Sofía and Nikhil's initial idea is to use one of the Amazon Elastic Compute Cloud (Amazon EC2) web server instances to generate the report. Sofía sets up a cron job on the web server instance, which sends email messages that report daily sales. However, the cron job reduces the performance of the web server because it is resource-intensive.

Nikhil mentions the cron job to Olivia, and how it reduces the web application's performance. Olivia advises Sofía and Nikhil to separate non-business-critical reporting tasks from the production web server instance. After Sofía and Nikhil review the advantages and disadvantages of their current approach, they decide that they don't want to slow down the web server. They also consider running a separate EC2 instance, but they are concerned about the cost of running an instance 24/7 when it is only needed for a short time each day. 

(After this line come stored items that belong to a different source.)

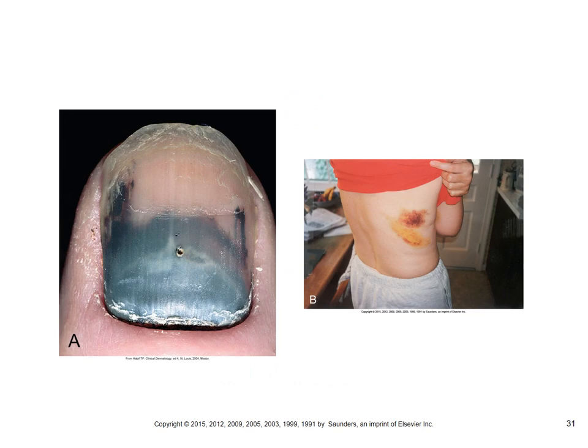There are pictures of hematomas. The first is a sub-ungual hematoma — 'sub' means below, 'ungual' pertains to the nail (fingernail). You typically get these when you hit your nail bed with a hammer. A hematoma is essentially a black-and-blue mark. The second picture shows a hematoma from a broken rib — when you break a rib, blood escapes into the tissue, causing a hematoma.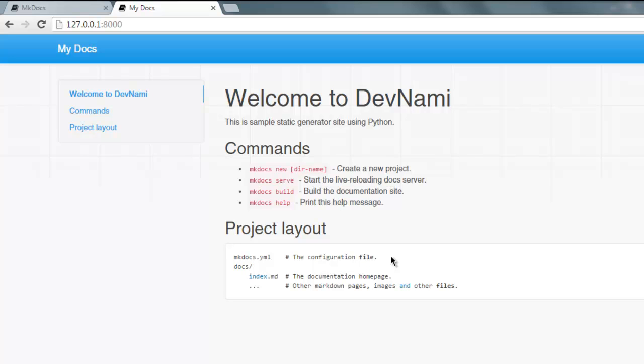This was a short video on how to use mkdocs module with the help of Python to create static sites.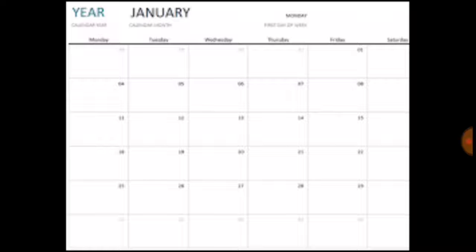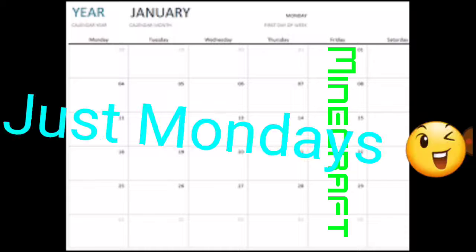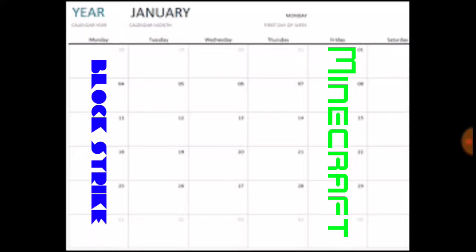Fridays will be my Minecraft episodes, and Mondays or Wednesdays will be Blockstrike, probably.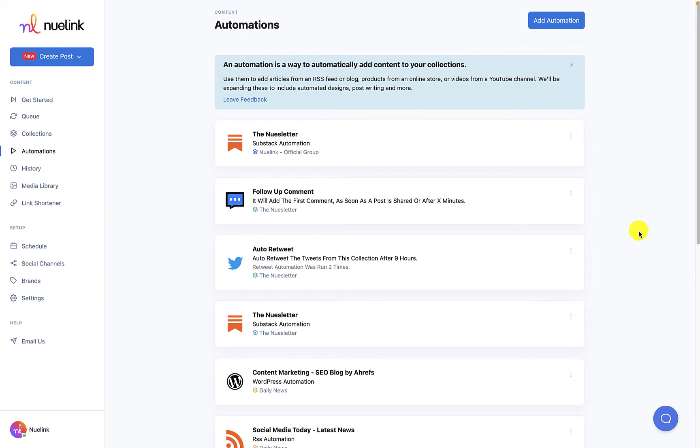If you didn't know already, you can automate blog posts, YouTube videos, Etsy listings, and so much more on NewLink. So make sure to check out our offerings.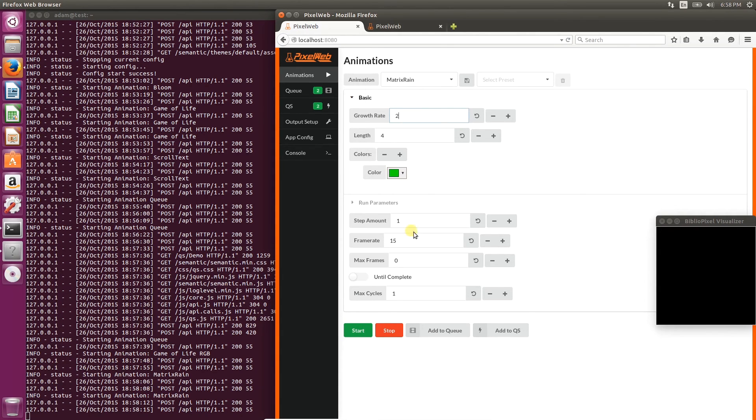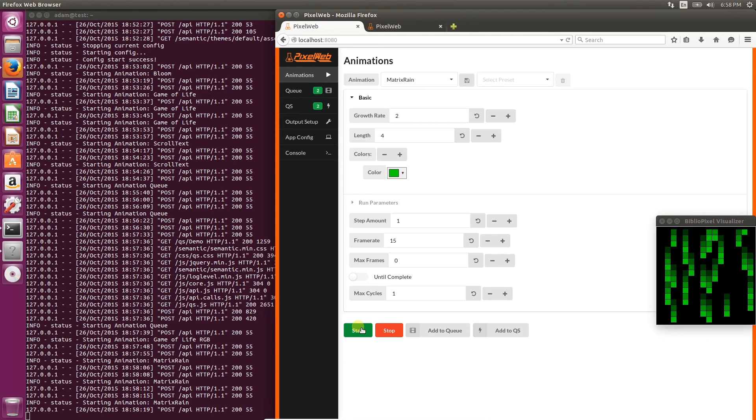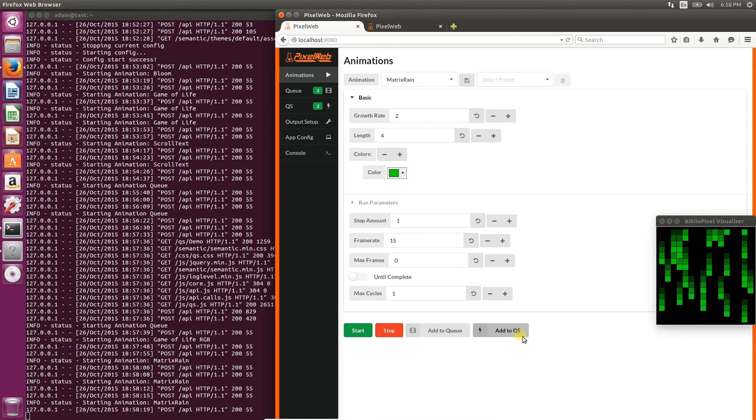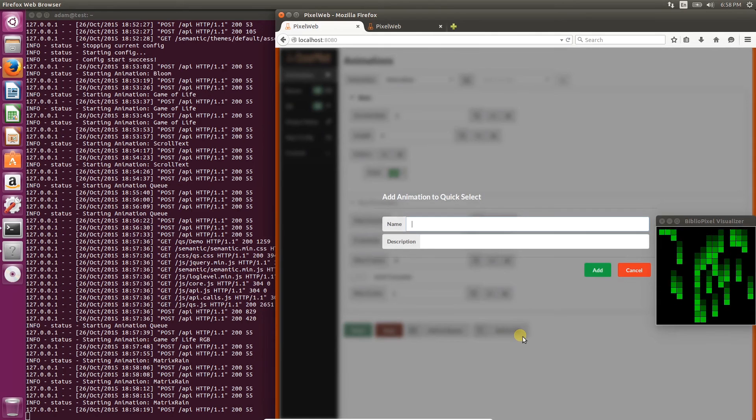Change the growth rate a little bit, so now there's less drops per frame. That looks good, so let's add it to the quick select.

Sofía and Nikhil decide that running the report generation code as an AWS Lambda function would work, and it would also lower costs. The report itself could be sent to Frank and Martha's email address through Amazon Simple Notification Service (Amazon SNS).

In this lab, you will take on the role of Sofía to implement the daily report code as a Lambda function.

LAB OVERVIEW

In this lab, you will use AWS Lambda to create a café sales report that is emailed each day through Amazon SNS.

OBJECTIVES

After completing this lab, you should be able to implement a serverless architecture to generate a daily sales report that features:

• A Lambda function within a virtual private cloud (VPC) that connects to an Amazon Relational Database Service (Amazon RDS) database with the café's sales data

• A Lambda function that generates and runs the sales report

• A scheduled event that triggers the sales report Lambda function each day

TASKS

A business request for the café: Implementing a serverless architecture to generate a daily sales report (Challenge)

In the next several tasks, you will work as Sofía to create and configure the resources that you need to implement the reporting solution.

• Task 1: Downloading the source code.

• Task 2: Creating the DataExtractor Lambda function in the VPC.

• Task 3: Creating the salesAnalysisReport Lambda function

• Task 4: Creating an SNS topic

• Task 5: Creating an email subscription to the SNS topic

• Task 6: Testing the salesAnalysisReport Lambda function

• Task 7: Setting up an Amazon EventBridge event to trigger the Lambda function each day

AWS Module 16 Planning for Disaster

Duration: 90 minutes

OVERVIEW

In this lab, you will use the AWS Storage Gateway File Gateway service to attach a Network File System (NFS) mount to an on-premises data store. You will then replicate that data to an S3 bucket in AWS. Additionally, you will configure advanced Amazon S3 features, like Amazon S3 lifecycle policies and cross-Region replication.

OBJECTIVES

After completing this lab, you should be able to:

• Configure a File Gateway with an NFS file share and attach it to a Linux instance.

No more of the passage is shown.